That section of the spec mentions both implicit and explicit. For
implicit, the target can want to rebalance resources for things like
a resource is down permanently, or you add more ports, or we bring
up/down resources dynamically based on usage or maintenance.


> the host shouldn't initiate a PG switch if it encounters transitioning
> state. I also agree that for transitioning towards a "better" state,
> e.g. standby to (non)-optimized, failing the path would be
> questionable. Unfortunately we don't know in which "direction" the path
> is transitioning - it could be for 'better' or 'worse'. I suppose that

For implicit, the target knows.

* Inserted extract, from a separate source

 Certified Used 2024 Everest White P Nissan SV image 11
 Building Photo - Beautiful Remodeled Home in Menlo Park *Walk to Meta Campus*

It's initiating the transition based
on whatever metrics or resources it has. We want the initiator to let us
complete what we are doing.

For explicit, then again the target knows what it wants to do when
it gets the STPG and we only it to set the paths to optimized. So
if it goes that route where it completes the STPG before the transition
completes, then goes into transitioning, then we can just let the
device do it's transitions.


> in the case of a PG switch, it can happen that we dispatch I/O to a 
> device that used to be in Standby and is now transitioning. Would it
> make sense to remember the previous state and "guess" what we're going
> to transition to? I.e. if the previous state was "Standby", it's
> probably going to be (non)optimized after the transition, and vice-
> versa?

You are referring to the issue Hannes mentions where multipath can pick
up the transitioning state and it might get confused, right? I'm not
sure what to do.

> 
>>  We just
>> need to transition resources before we can fully use the path. It
>> could
>> be a local cache operation or for distributed targets it could be a
>> really
>> expensive operation.
>>
>> For both though, it can take longer than the retries we get from
>> scsi-ml.
> 
> So if we want to do "the right thing", we'd continue dispatching to the
> device until either the state changes or the device-reported transition
> timeout has expired?
Sort of.

Ideally I think it would be nice if we blocked the device/queue for
normal IO, then just sent a RTPG every N secs or msecs until we changed
state or until the timer expired. We then unblock and either fail upwards
or dispatch. I think this is a lot of work though.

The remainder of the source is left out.